US concerned about Ugandan violence

WASHINGTON - The United States said Tuesday it was concerned about violence in Uganda and was in touch with local authorities to ensure the safety of Americans and monitor the crisis.
"We are concerned about the ongoing violence in Uganda," Gordon Duguid, a State Department spokesman, told reporters.

US concerned about Ugandan violence
However, he noted that the US embassy remained open and consular services were functioning. Washington has been "in close contact" with Kampala about anti-government riots last week that Duguid said left 21 dead and 100 wounded. The Ugandan government puts the death toll at 14.
"We urge the government of Uganda to ensure that the rights of its citizens are respected under Ugandan and international law," said Duguid.
"American citizens living in Uganda have been urged to exercise extreme caution and to avoid those areas affected by the unrest."
He also urged all Americans to register with the US embassy in order to receive messages from the consular service as soon as possible.
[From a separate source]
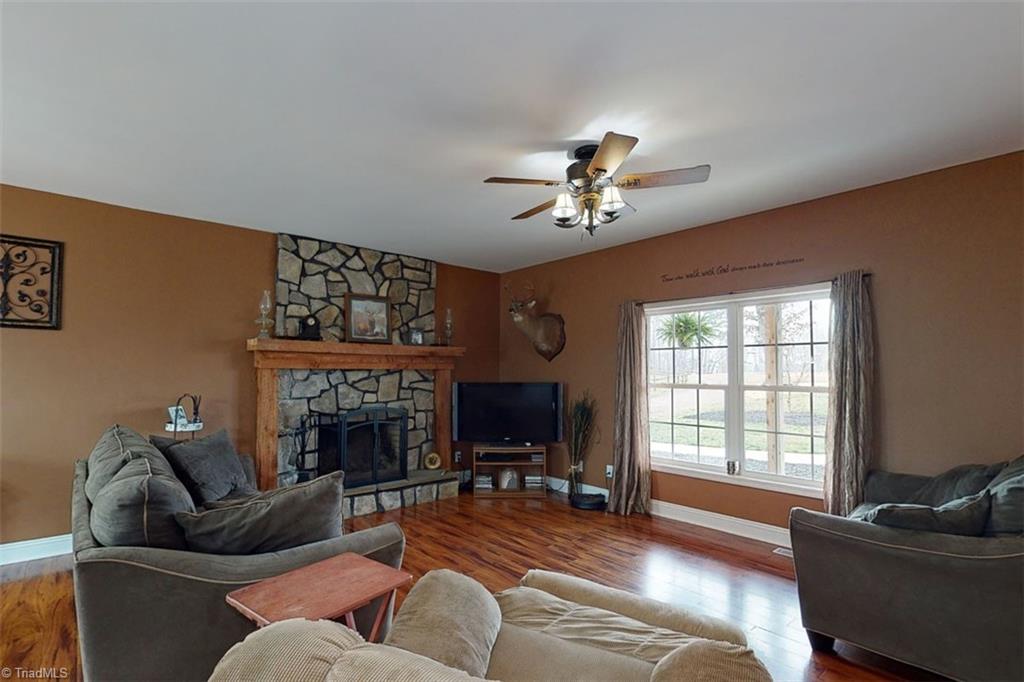 230 Wagner Road Mocksville, NC 27028 - Photo 8 of 43 Gallery Image 8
Ugandan President Yoweri Museveni meanwhile vowed tough action against protesters following riots in the capital city Kampala last week.
Around 600 people were arrested and more than 200 of them charged Monday in connection with the protest against the government's move to block the traditional king from visiting a rural district outside Kampala.
Ronal Muwenda Mutebi, the king of the Baganda -- Uganda's most populous ethnic group -- was to visit the county northeast of Kampala last weekend, but the trip was disallowed for fears it would stoke violence.